**Task requirements**
Print the data that follows word for word, leaving out any picture.

Dataset entries:
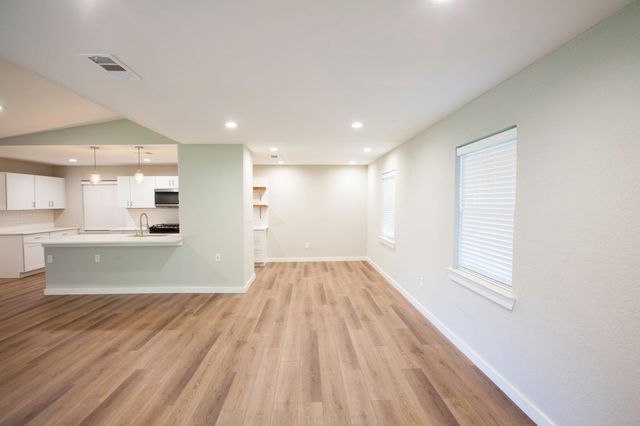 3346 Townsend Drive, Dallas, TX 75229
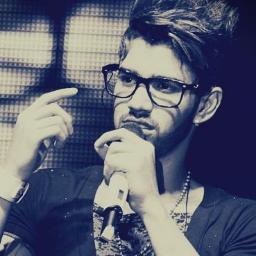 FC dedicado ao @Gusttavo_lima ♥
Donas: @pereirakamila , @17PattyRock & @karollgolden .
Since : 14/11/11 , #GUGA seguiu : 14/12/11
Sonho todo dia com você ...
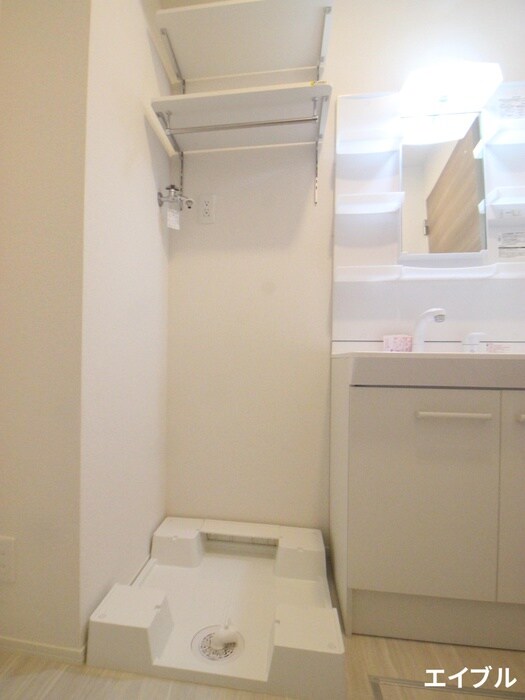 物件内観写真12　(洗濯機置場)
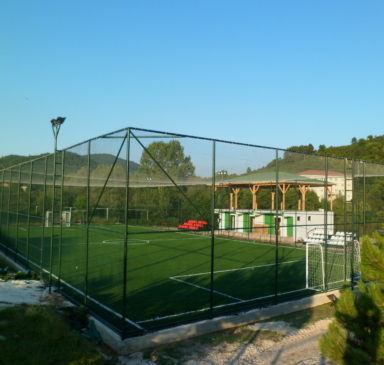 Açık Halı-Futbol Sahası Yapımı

**Answer box**
 3346 Townsend Drive, Dallas, TX 75229
 FC dedicado ao @Gusttavo_lima ♥
Donas: @pereirakamila , @17PattyRock & @karollgolden .
Since : 14/11/11 , #GUGA seguiu : 14/12/11
Sonho todo dia com você ...
 物件内観写真12　(洗濯機置場)
 Açık Halı-Futbol Sahası Yapımı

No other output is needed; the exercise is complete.